President Obama put Joe Biden in charge of reducing gun violence.
Biden says he keeps two shotguns and shells locked up at home, and he's told his wife Jill to use them if she needs protection.
I said, Jill, if there's ever a problem, just walk out on the balcony, take that double-barrel shotgun, and fire two blasts outside the house, Vice President Biden said.
Well, 52-year-old Jeffrey Barton of Vancouver, Washington claims that he was following that advice when he chased away a pair of suspected thieves.
He thought some teens were breaking into his cars at Northeast 124th Street in Vancouver, Washington.
And so he fired.
He did the Joe Biden thing.
He did what Joe Biden advises Jill Biden, or I should say, sorry, I should say Dr. Jill Biden, Dr. Jill Biden.
What Vice President Biden advises Dr. Jill Biden to do, and that's just to walk out on the balcony and fire two blasts from the shotgun.
So he's now in Clark County Court in Washington, where he pleaded not guilty to one count of illegal aiming or discharging a firearm at his arraignment.
Outside the courtroom, Barton cited the vice president in defense of his actions.
I did what Joe Biden told me to do, Barton told KOIN in Washington.
I went outside and fired my shotgun in the air.
So maybe he should call Vice President Biden as an expert witness in the case.
He qualifies as an expert witness.
This is the guy who has been put in charge of reducing gun violence in the United States.
President Obama has made him the czar of gun violence, of the war on gun violence.
He's the czar, Vice President Biden.
So he certainly qualifies as an expert witness.
And his expert advice was to go out on the balcony, grab a shotgun garden, the balcony, and fire a couple of shots.
Randomly, randomly, doesn't matter.
Who knows what you might?
Who knows?
You might hit some teenage punks up to no good.
You might hit a passing moose.
Doesn't matter.
That's what Joe Biden says to do.
This guy took Joe Biden's advice, and he's now up in Clark County Court on one charge of illegal discharging of a firearm.
I hope he does call Joe Biden.
By the way, this gets back to the whole Detroit thing: the dishonesty of public discourse in the United States of America.
You may recall that the other day, the Attorney General, Eric Holder, called for a, quote, honest discussion about race in the wake of the Zimmerman verdict.
He called for an honest discussion about race.
By the way, this is a guy who can't even have an honest discussion with a congressional committee when it comes to tapping the telephones of American newspaper reporters and reading their parents' emails and tapping their parents' telephone lines.
This guy can't even have an honest discussion with a congressional oversight committee, but he wants the nation to have an honest discussion about race.
And by honest discussion, liberals mean the same old cobwebbed platitudes that are now 40 years past their sell-by date.
They mean that on race.
They mean that on unions.
They mean that on the economy.
They mean that on urban renewal.
And that is the real tragedy of Detroit.
Detroit can be fixed relatively simply, not to its glory days, but Detroit can be made less worse, but it requires honesty to do that.

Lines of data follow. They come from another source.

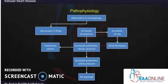In mitral stenosis, there is an obstruction to LA emptying, so LV filling decreases and forward cardiac output comes down. Since the LA doesn't empty completely, there is increased LA pressure leading to increased LA size, which can ultimately cause atrial fibrillation. The increased LA pressure in turn increases pulmonary venous pressure and pulmonary artery pressure, which can lead to pulmonary edema and RV failure.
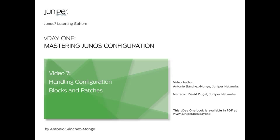Video 7. Backing up and loading configuration blocks and patches. This video describes the task number 7 of this V-Day 1 practice.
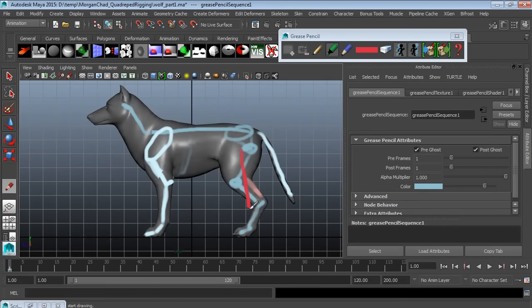Welcome to 3dmotive.com. I'm Chad Morgan and in this lesson we're going to discuss quadruped rigging in Maya.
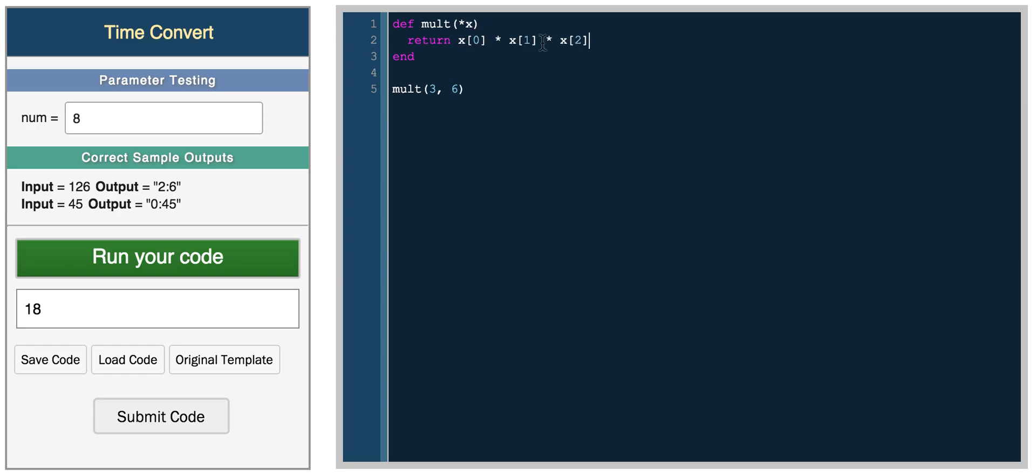So 0 times 1 times 2. So now we pass in 3 parameters. So 3 times 6 times 5, and we get 90. So this asterisk x is a really interesting feature of Ruby, that you don't have to specify the number of parameters.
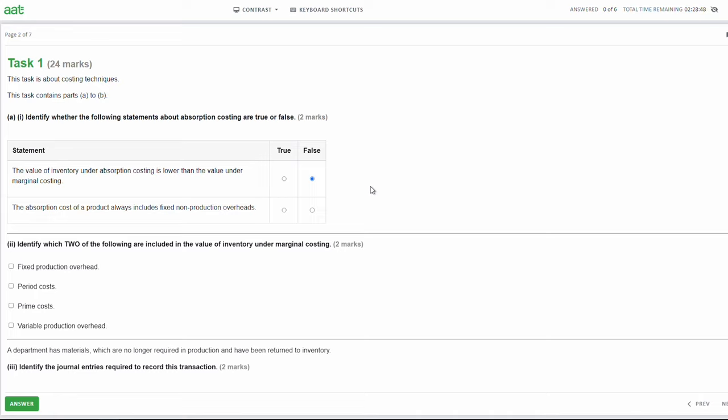Next statement: the absorption cost of a product always includes fixed non-production overheads. Again, that would be false. I've just mentioned that we do include part of the fixed overheads within the cost of the product. However, it is the fixed production overheads, not the fixed non-production overheads. So that one would also be false.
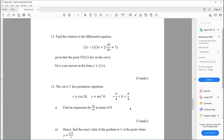Question eleven. Find the solution to the differential equation (2x minus 1)(3x plus 2) dy/dx equals 7y. Given that the point P(0, 2) lies on the curve, give your answer in the form y equals f(x).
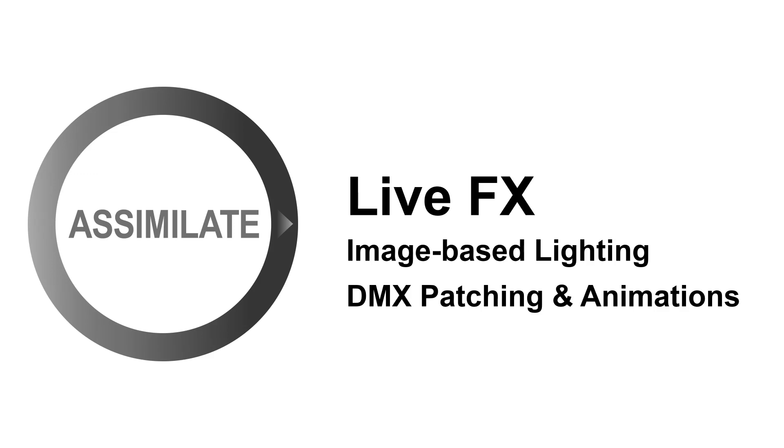Hi everyone, welcome to this advanced tutorial on image-based lighting in LiveFX. In this video we'll be going over patching options for DMX channels, including animating DMX channels.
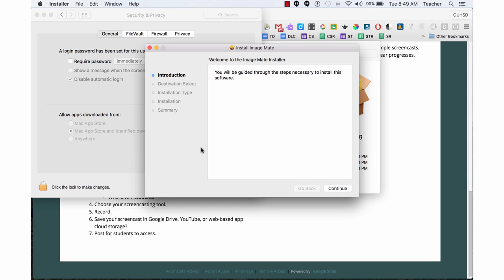It now opens up ImageMate software and it asks me to continue the process. So I'm going to click through. I'll install this on my computer. And now I can begin communicating with my Elmo doc cam.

And liberal discourse, whether it's about guns, whether it's about race, whether it's about the problems facing somewhere like Detroit, is now basically fundamentally dishonest.
When Eric Holder, like most of these guys, when Eric Holder calls for an honest discussion, he basically means you shut up and he's going to tell you the narrow parameters in which you're allowed to think about this or anything else.

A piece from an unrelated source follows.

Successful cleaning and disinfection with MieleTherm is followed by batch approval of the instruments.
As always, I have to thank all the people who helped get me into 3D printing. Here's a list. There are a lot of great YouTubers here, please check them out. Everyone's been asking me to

And that was demonstrated, I think, the very day later when Richard Cohen in The Washington Post, who's nobody's idea of a right-winger, but he expressed some mildly controversial views and he immediately got called a racist.
Got to go back in a moment.
By the way, of the $11 billion of unsecured debt that Detroit has, $9 billion of that is public pensions and benefits for public sector employees.
In other words, $9 billion of the $11 billion hole it's in is for benefits for the people who got Detroit into the hole.